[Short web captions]
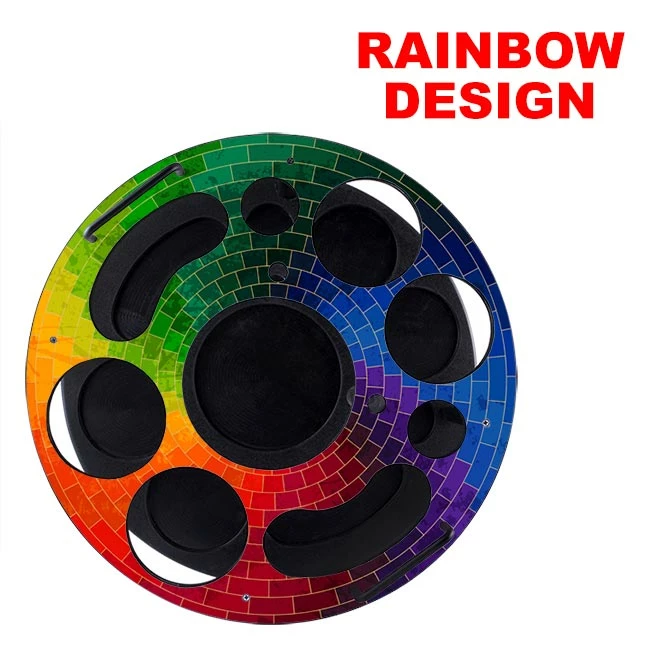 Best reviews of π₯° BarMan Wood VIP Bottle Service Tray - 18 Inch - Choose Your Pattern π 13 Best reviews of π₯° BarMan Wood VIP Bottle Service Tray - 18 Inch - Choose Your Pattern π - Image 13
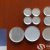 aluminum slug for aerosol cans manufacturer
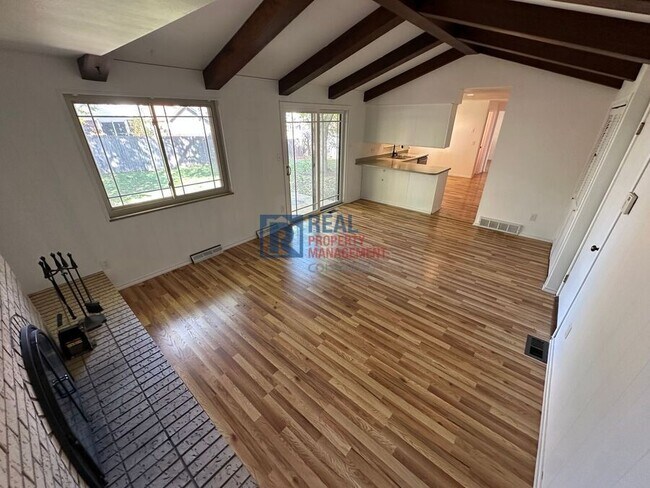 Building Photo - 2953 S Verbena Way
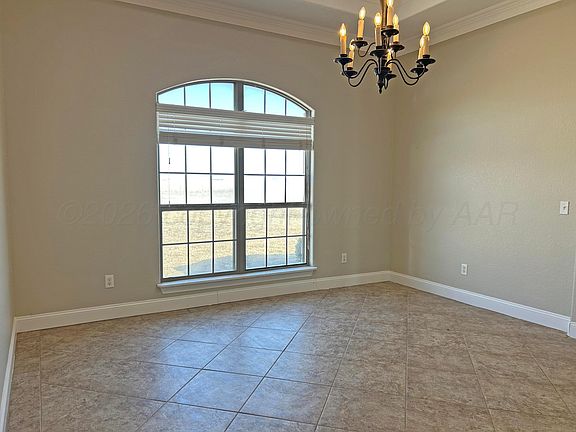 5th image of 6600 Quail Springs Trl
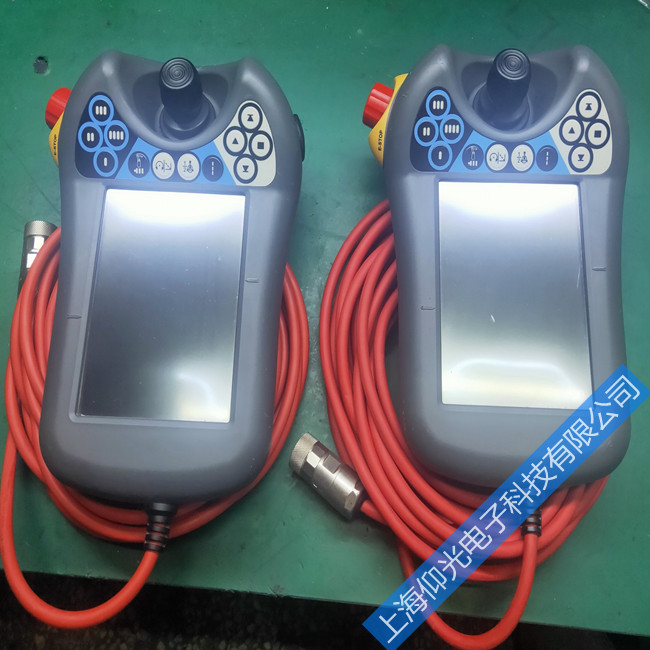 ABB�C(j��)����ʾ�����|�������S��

• To do: Retype the lines starting with the one that holds "Building Photo - 2953 S Verbena Way" and ending with the last line of the data above, both included; skip the pictures.

• Problem solution:
 Building Photo - 2953 S Verbena Way
 5th image of 6600 Quail Springs Trl
 ABB�C(j��)����ʾ�����|�������S��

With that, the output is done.